Mediation is a well-known form of alternative dispute resolution. Under Rule 68(B) of the Arizona Rules of Family Law Procedure, mediation is available in every family law case involving an issue regarding “child custody or parenting time.” Many of our clients have had good experiences in reaching parenting agreements through both private and court-ordered mediation. If you anticipate that custody or parenting time issues may be especially contentious in your divorce, then mediation might be a suitable alternative for narrowing the issues before trial.
In almost every family law case, using the services of a professional mediator to resolve custody disputes will be less costly than litigating those issues. The mediator focuses on helping the parties move toward agreement. Every disputed issue has the potential of being fully resolved through mediation. But even partial resolution on some issues will help the family and advance the case. Even when a trial is scheduled, many issues can be mediated successfully in advance of trial, removing those settled matters from the trial agenda. The fewer issues in dispute, the fewer issues are litigated, the fewer decisions the court will make for the parties.

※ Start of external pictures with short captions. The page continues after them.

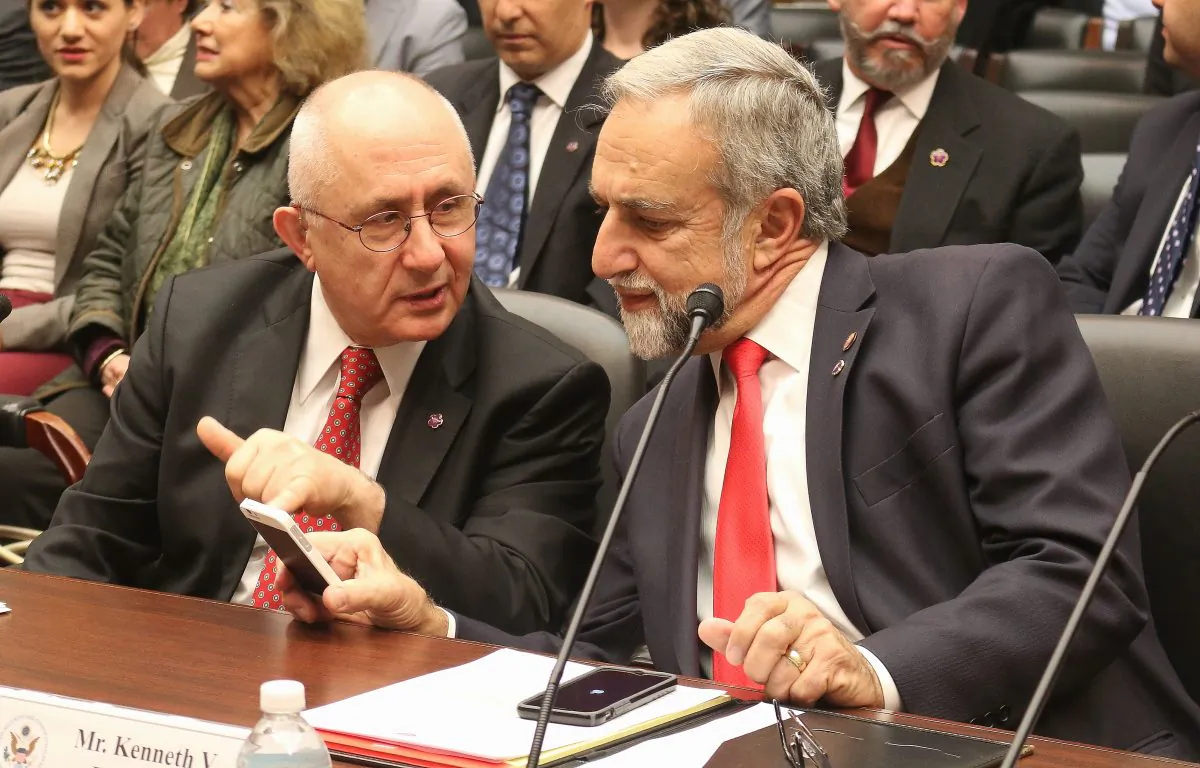 Dr. Taner Akçam (L), professor of history, Clark University converses with Kenneth V. Hachikian, co-chairman, the Armenian National Committee of America, on April 23, at the Helsinki Commission hearing before testifying concerning the Armenian Genocide. (Gary Feuerberg/Epoch Times).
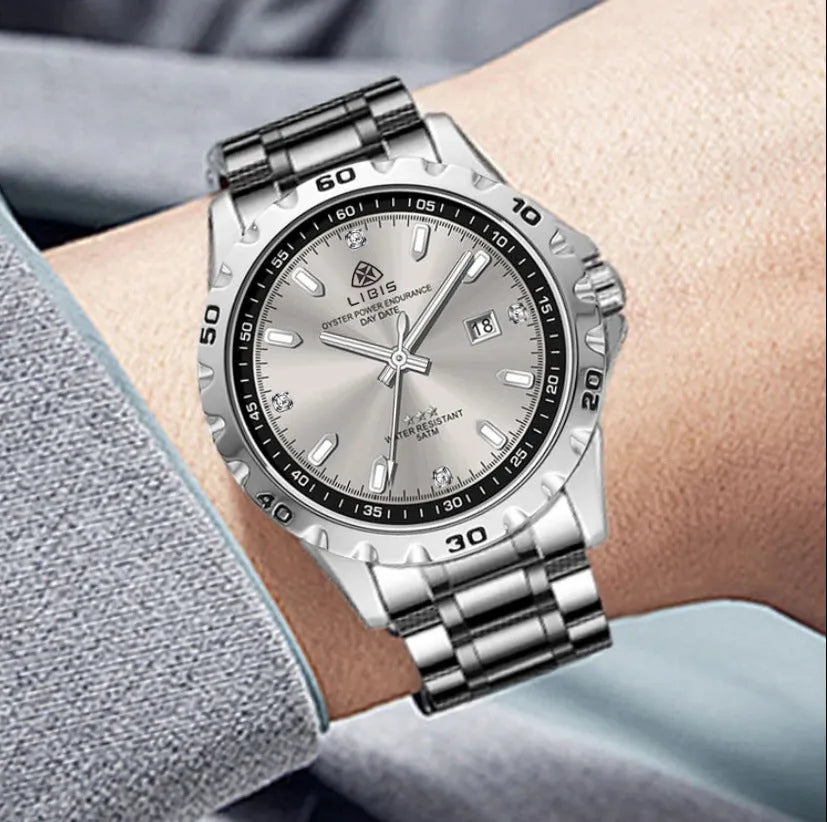Men's silver case quartz watch with stainless steel strap and luminous hands on black or grey dial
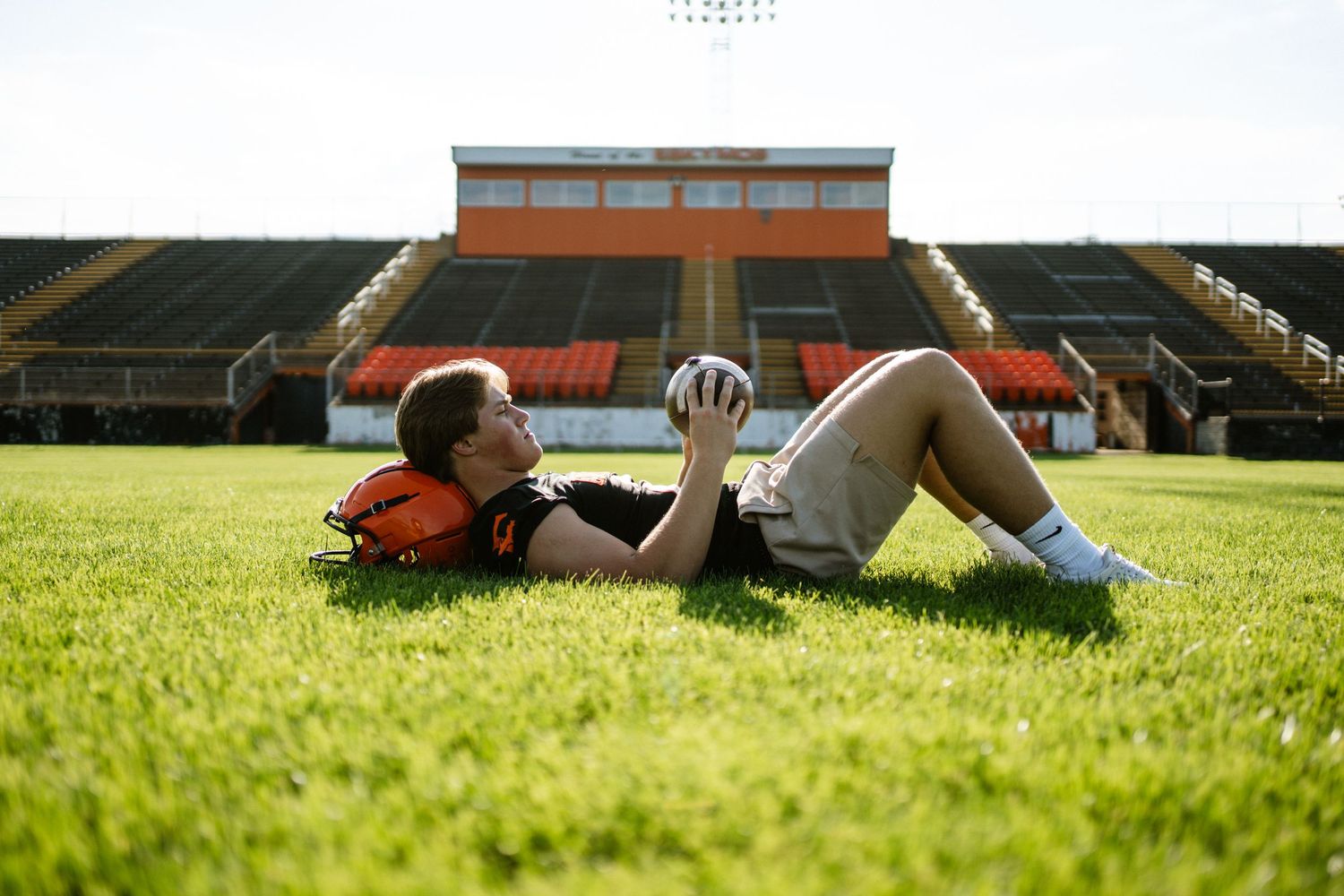 Football player lying on stadium grass holding helmet while gazing up at the sky.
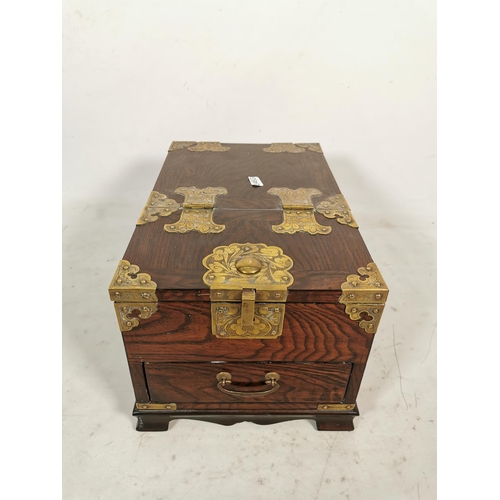 318 - A Korean elm mirrored vanity box with brass fittings and single drawer - approx. 91cm high x 21cm de... 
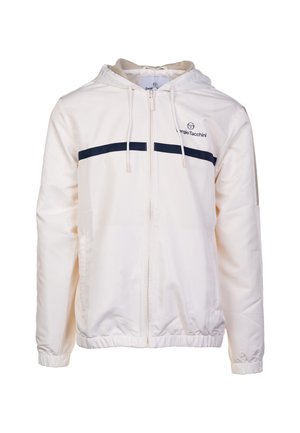 Chaqueta blanca con cremallera y capucha, con rayas horizontales azul marino en el pecho y puños elásticos. Fabricada con tejido ligero.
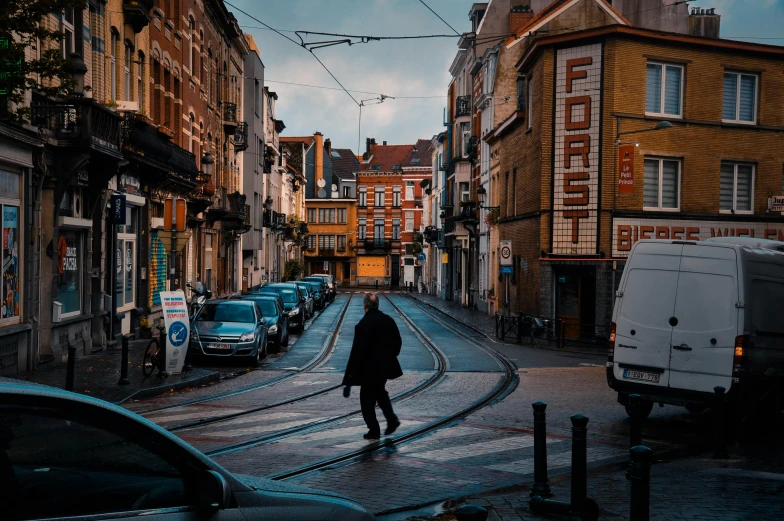 a man walking down a street next to tall buildings, a photo, by Jan Tengnagel, pexels contest winner, renaissance, liege, trams ) ) ), busy small town street, street of teal stone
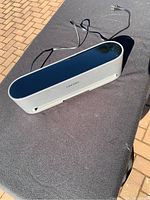 Top and angled view of FRESKO electric bag sealer on a black surface outside, showing power cord and glossy top.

The mediation process requires that the parents meet with the mediator to discuss custody and parenting issues. The mediator will conference with either or both parties first, before the mediation process begins to ensure that it is appropriate for a particular couple. The parties may request private mediation or mediation through the court’s conciliation services program.
Mediation can help couples resolve their child custody and access time disputes in the following ways:
In mediation, there is no reporting what went on during the sessions — the process is a confidential one. The parties’ attorneys generally are not permitted to attend the court sponsored mediation. It is critically important that the parties trust that what is discussed during the session will not be divulged to anyone, not even to the judge.

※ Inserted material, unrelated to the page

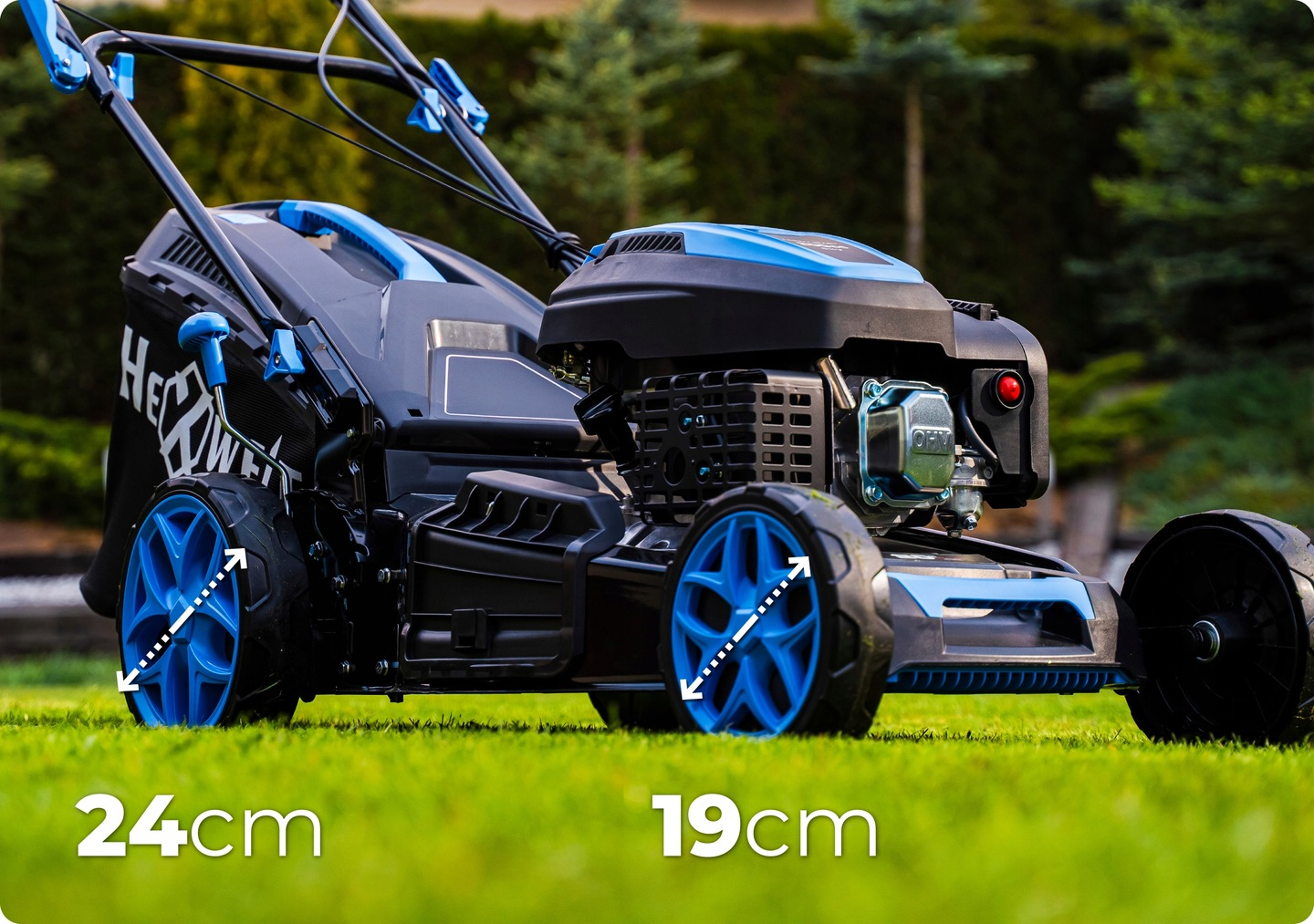 Kosiarka do trawy z niebieskimi kołami na zielonej trawie. Maszyna jest czarna i ma niebieski uchwyt. Tło to zielony trawnik i drzewa.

Settled issues are written into an agreement by the mediator and signed by the parties. The parties’ attorneys have an opportunity to review the agreement and may file a timely objection with the court if need be. If there is no objection, the signed agreement is submitted to the judge who will sign it as a court order, making it a binding custody agreement on the parties. Even if there is an objection to the agreement, the judge has the “final authority to accept, modify or reject” the agreement, or set the matter for a hearing.
Perpetrators of domestic violence often try to control their victims with threats and physical aggression. When these conditions exist, it can be difficult or impossible for the mediator to assist in dispute resolution. Furthermore, with domestic violence issues, mediation will only be ordered when “policies and procedures [are] in place that protect the victim from harm, harassment, or intimidation.” And if it seems to the mediator that domestic violence in the family is undermining the mediation, making it an inappropriate alternative under the circumstances, then the mediation will be terminated.
Under Arizona’s court program, a party files a request for mediation asking that the court order a conference with a mediator to discuss child custody and child access disputes. The program is available to couples with children at a nominal cost, but only custody and parenting times issues are presented. The purpose of this dispute resolution process is to attempt an agreement on some, or all, child custody issues in contention. Whenever possible, the court-appointed mediator will assist the parties in reaching agreements that benefit both parents and their children.
Usually, it takes about two months for the mediation to be scheduled with the family court conciliation services. By requesting mediation early in the case, the parties can reserve an appointment and avoid unnecessary delays. And if a parenting agreement is reached before the mediation is scheduled to take place, then the court is notified of the settlement and the mediation is cancelled without penalty.
The parties may also retain the services of a private mediator at their own expense. This saves time by avoiding the customary two-month wait for the family court program. A private mediator can assist the parties in reaching agreements on any number of issues and is not restricted to disputes over child custody and parenting time like the court’s program. A significant benefit of private mediation, then, is that any dispute can be presented along with matters of custody and access.
As a facilitator, the mediator helps the parties work toward agreement on the disputes presented. If parents can reach agreement through mediation, it is very possible that a court date will not be necessary to resolve custody. By reaching a mediated agreement, the parents maintain “control” of their child custody arrangement. Without a custody agreement, however, the court will decide all custody issues at trial in the best interests of the children and dictate the custody terms to the parents.